_HOW TO COMPLETE THIS TASK:_
Your task is to quote the records from their first line through the line containing "Cat Recovery Suit", with nothing added or left out.

_DATASET EXCERPTS:_
# # # #

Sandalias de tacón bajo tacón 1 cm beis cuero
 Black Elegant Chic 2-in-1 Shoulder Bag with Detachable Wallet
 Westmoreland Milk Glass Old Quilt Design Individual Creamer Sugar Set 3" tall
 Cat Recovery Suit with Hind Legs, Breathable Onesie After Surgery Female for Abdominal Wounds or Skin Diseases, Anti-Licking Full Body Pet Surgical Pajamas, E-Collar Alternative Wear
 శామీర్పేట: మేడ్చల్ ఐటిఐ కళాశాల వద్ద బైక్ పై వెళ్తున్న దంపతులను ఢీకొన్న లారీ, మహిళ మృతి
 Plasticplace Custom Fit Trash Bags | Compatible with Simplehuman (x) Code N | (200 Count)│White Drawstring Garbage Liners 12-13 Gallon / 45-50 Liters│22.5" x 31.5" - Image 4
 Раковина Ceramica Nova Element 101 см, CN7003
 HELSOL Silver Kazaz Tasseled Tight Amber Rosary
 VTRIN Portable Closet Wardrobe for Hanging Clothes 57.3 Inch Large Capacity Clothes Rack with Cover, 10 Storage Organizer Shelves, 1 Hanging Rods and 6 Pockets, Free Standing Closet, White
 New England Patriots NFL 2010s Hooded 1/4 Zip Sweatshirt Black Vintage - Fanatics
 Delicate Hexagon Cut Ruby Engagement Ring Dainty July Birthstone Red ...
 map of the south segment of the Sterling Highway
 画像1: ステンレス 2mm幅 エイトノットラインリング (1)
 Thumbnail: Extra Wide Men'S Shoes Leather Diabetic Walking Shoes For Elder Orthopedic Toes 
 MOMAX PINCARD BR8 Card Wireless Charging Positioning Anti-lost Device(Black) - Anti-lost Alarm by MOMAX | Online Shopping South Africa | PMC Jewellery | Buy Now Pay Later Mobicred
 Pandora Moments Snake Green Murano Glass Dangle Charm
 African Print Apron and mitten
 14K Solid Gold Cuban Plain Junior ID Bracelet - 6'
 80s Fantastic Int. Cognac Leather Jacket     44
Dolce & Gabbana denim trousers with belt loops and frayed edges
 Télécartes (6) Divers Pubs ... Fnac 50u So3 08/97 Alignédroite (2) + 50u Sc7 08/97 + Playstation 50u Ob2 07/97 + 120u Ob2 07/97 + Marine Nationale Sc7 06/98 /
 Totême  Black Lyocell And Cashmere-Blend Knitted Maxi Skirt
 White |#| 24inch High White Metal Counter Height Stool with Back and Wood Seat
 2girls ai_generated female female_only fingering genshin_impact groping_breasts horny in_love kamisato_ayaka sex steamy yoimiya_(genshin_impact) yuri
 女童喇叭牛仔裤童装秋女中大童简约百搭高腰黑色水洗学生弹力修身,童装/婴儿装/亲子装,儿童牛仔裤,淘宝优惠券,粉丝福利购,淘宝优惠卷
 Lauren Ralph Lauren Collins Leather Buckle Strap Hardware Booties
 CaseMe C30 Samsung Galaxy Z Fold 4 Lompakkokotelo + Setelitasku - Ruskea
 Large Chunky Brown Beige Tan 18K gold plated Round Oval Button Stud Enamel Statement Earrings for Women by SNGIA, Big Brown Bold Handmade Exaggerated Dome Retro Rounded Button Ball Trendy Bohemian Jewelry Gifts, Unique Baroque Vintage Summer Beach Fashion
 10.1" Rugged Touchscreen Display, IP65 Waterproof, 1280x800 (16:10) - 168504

# # # #

_ANSWER TO THIS PROBLEM:_
Sandalias de tacón bajo tacón 1 cm beis cuero
 Black Elegant Chic 2-in-1 Shoulder Bag with Detachable Wallet
 Westmoreland Milk Glass Old Quilt Design Individual Creamer Sugar Set 3" tall
 Cat Recovery Suit with Hind Legs, Breathable Onesie After Surgery Female for Abdominal Wounds or Skin Diseases, Anti-Licking Full Body Pet Surgical Pajamas, E-Collar Alternative Wear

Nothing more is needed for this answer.